Your instructions:
Nothing but the lines below between the line holding "Railroad Crossing Train" and the line holding "LGD Pear & Round", inclusive, should appear in the answer, each set down exactly.

Segment Open

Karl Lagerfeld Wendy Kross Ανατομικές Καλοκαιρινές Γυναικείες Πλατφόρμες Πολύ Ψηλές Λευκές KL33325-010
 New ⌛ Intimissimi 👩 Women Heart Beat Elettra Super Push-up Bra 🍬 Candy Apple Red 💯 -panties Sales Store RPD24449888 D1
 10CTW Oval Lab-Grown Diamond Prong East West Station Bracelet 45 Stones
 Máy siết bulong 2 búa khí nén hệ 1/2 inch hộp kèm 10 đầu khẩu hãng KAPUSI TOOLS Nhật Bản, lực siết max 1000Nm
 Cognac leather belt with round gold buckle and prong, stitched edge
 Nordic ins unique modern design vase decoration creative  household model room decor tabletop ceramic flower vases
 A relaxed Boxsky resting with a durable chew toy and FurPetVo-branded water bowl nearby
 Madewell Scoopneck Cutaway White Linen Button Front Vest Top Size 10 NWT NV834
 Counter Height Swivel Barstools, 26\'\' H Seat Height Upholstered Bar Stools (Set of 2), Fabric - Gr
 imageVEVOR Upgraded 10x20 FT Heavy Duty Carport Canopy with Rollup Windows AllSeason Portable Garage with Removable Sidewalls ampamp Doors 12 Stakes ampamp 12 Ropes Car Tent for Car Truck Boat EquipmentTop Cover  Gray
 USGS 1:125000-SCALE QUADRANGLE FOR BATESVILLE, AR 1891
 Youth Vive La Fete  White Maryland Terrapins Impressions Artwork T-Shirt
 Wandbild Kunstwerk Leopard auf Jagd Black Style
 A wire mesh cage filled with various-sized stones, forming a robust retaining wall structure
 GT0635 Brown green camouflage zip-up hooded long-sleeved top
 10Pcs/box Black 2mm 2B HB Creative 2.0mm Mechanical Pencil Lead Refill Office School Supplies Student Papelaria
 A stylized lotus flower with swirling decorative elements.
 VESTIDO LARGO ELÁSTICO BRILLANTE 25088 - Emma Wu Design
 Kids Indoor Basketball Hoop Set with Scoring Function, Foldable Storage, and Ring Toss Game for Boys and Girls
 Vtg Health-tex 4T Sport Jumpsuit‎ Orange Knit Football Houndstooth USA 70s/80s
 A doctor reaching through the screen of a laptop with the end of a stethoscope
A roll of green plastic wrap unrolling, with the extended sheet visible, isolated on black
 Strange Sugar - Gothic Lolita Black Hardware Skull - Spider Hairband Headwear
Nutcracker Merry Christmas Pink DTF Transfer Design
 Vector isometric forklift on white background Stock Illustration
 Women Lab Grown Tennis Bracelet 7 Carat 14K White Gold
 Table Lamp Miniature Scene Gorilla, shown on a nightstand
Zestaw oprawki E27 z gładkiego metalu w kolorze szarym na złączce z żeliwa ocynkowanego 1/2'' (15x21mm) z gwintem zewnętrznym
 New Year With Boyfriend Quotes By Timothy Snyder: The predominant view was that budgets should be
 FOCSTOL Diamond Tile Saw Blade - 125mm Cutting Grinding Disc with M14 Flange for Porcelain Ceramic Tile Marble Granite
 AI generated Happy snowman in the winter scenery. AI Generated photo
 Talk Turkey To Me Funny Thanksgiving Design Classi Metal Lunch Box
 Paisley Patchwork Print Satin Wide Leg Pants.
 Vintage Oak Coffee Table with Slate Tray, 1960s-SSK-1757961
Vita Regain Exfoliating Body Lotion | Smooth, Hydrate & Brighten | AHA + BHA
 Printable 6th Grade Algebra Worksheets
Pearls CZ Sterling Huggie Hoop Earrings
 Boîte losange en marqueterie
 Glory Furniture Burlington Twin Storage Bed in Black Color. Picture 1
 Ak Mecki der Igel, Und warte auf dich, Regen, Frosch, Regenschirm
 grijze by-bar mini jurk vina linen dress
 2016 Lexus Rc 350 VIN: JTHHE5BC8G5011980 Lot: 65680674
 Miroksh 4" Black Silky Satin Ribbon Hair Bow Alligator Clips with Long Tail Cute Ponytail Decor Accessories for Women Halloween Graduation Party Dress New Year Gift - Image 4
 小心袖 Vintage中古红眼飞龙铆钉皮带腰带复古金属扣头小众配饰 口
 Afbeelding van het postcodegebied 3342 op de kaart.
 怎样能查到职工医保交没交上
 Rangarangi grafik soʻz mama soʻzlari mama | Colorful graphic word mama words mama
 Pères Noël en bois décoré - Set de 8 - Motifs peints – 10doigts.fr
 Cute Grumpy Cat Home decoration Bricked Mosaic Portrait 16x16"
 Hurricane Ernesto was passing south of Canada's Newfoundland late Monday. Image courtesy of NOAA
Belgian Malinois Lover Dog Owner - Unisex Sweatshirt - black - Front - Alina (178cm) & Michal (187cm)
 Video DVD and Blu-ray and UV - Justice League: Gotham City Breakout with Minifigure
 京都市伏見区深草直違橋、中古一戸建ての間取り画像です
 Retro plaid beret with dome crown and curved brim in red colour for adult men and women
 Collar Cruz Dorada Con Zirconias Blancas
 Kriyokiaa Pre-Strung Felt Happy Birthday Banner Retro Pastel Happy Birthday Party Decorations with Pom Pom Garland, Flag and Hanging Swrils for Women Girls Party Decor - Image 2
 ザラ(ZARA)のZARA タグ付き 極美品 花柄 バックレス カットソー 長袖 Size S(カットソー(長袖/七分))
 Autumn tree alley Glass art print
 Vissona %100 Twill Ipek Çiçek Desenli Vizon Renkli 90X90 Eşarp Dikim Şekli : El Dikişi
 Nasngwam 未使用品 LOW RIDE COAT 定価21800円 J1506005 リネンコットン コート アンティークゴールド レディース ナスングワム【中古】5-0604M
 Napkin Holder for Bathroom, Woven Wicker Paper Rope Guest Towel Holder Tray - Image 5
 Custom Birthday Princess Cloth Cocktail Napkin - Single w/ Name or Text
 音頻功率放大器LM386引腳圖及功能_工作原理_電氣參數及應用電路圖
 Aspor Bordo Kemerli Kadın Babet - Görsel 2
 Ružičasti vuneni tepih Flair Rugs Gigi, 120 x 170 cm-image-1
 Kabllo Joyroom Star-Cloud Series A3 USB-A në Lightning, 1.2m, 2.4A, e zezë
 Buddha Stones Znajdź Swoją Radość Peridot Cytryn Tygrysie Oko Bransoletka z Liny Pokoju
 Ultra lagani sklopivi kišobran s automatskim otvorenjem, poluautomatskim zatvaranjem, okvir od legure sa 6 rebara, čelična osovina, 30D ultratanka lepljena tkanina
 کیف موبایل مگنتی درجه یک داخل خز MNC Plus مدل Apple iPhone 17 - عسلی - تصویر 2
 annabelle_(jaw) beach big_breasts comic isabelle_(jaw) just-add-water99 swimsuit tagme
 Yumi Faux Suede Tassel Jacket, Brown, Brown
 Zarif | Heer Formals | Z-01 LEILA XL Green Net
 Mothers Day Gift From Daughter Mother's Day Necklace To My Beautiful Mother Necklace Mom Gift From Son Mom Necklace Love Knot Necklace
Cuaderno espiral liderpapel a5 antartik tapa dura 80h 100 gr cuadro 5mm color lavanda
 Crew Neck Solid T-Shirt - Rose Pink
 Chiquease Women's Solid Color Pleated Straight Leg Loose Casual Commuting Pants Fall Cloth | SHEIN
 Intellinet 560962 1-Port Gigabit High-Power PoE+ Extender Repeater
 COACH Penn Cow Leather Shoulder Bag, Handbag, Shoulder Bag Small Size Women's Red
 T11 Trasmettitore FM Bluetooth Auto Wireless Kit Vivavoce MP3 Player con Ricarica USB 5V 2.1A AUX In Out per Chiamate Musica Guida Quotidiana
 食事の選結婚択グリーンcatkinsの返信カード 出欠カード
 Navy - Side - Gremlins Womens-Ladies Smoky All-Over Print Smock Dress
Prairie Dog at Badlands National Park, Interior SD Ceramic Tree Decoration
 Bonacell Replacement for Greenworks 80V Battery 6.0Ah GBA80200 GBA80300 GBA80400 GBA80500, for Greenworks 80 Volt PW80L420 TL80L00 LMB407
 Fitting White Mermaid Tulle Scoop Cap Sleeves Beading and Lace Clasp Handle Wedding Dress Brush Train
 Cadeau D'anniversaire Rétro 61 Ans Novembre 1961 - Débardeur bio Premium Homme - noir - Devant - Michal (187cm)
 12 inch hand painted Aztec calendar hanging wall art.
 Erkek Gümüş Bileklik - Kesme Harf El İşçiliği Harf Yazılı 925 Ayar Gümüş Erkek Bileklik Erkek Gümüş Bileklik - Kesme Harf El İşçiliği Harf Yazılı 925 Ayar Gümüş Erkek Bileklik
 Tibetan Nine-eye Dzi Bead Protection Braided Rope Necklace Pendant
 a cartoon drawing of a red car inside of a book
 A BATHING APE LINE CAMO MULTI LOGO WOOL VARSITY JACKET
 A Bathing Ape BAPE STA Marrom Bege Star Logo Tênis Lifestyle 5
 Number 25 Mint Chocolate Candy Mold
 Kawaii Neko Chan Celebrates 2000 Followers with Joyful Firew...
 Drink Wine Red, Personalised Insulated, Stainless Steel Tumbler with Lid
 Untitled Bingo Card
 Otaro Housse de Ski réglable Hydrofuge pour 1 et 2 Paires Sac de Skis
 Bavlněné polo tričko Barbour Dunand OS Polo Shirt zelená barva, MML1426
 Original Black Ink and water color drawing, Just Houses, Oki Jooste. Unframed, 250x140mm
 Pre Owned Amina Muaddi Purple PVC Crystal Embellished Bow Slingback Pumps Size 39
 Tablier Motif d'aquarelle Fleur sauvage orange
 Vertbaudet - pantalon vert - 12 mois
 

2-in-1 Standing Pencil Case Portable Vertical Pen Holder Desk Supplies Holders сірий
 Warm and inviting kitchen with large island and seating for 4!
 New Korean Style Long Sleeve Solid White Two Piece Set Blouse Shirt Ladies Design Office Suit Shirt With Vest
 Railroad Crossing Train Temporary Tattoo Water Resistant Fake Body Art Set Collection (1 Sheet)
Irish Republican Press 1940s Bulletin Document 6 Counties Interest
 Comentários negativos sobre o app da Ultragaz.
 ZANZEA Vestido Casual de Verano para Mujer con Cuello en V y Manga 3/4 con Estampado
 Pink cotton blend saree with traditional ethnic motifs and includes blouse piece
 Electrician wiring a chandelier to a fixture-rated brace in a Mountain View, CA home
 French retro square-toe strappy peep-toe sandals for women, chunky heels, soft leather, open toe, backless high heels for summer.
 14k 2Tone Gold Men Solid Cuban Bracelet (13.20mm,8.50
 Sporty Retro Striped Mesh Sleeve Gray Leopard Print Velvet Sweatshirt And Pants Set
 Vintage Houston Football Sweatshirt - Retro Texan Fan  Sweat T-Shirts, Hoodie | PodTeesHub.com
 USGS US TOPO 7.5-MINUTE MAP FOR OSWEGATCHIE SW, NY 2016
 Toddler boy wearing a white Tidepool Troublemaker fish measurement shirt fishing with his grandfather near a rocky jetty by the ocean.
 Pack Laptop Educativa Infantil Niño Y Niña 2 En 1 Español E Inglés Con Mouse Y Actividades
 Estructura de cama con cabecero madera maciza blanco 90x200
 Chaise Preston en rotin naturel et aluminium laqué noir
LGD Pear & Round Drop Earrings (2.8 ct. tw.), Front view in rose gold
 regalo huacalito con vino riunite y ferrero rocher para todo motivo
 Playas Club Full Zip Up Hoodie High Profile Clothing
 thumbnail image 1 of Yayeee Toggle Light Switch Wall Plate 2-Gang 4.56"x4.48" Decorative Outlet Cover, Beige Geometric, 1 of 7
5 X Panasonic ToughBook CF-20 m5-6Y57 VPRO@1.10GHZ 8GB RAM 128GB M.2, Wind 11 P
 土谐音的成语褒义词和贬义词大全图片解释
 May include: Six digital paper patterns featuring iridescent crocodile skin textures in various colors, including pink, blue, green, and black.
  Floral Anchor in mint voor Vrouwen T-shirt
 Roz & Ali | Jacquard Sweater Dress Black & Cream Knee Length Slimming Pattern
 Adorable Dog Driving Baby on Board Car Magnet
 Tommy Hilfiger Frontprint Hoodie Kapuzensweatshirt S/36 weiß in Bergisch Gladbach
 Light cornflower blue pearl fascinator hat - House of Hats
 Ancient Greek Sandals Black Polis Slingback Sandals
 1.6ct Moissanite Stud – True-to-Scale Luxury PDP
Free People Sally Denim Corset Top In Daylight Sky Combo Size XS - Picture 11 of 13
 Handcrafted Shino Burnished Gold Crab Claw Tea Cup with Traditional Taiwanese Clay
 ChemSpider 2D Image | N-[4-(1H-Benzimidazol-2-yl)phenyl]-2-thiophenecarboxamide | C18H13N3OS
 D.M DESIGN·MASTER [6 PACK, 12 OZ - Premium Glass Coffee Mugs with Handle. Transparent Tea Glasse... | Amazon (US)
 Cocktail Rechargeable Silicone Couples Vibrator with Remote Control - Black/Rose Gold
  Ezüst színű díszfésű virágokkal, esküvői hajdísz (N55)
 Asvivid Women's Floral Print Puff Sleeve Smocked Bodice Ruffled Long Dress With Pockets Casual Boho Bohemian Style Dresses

Segment Closed

Solution for this problem:
 Railroad Crossing Train Temporary Tattoo Water Resistant Fake Body Art Set Collection (1 Sheet)
Irish Republican Press 1940s Bulletin Document 6 Counties Interest
 Comentários negativos sobre o app da Ultragaz.
 ZANZEA Vestido Casual de Verano para Mujer con Cuello en V y Manga 3/4 con Estampado
 Pink cotton blend saree with traditional ethnic motifs and includes blouse piece
 Electrician wiring a chandelier to a fixture-rated brace in a Mountain View, CA home
 French retro square-toe strappy peep-toe sandals for women, chunky heels, soft leather, open toe, backless high heels for summer.
 14k 2Tone Gold Men Solid Cuban Bracelet (13.20mm,8.50
 Sporty Retro Striped Mesh Sleeve Gray Leopard Print Velvet Sweatshirt And Pants Set
 Vintage Houston Football Sweatshirt - Retro Texan Fan  Sweat T-Shirts, Hoodie | PodTeesHub.com
 USGS US TOPO 7.5-MINUTE MAP FOR OSWEGATCHIE SW, NY 2016
 Toddler boy wearing a white Tidepool Troublemaker fish measurement shirt fishing with his grandfather near a rocky jetty by the ocean.
 Pack Laptop Educativa Infantil Niño Y Niña 2 En 1 Español E Inglés Con Mouse Y Actividades
 Estructura de cama con cabecero madera maciza blanco 90x200
 Chaise Preston en rotin naturel et aluminium laqué noir
LGD Pear & Round Drop Earrings (2.8 ct. tw.), Front view in rose gold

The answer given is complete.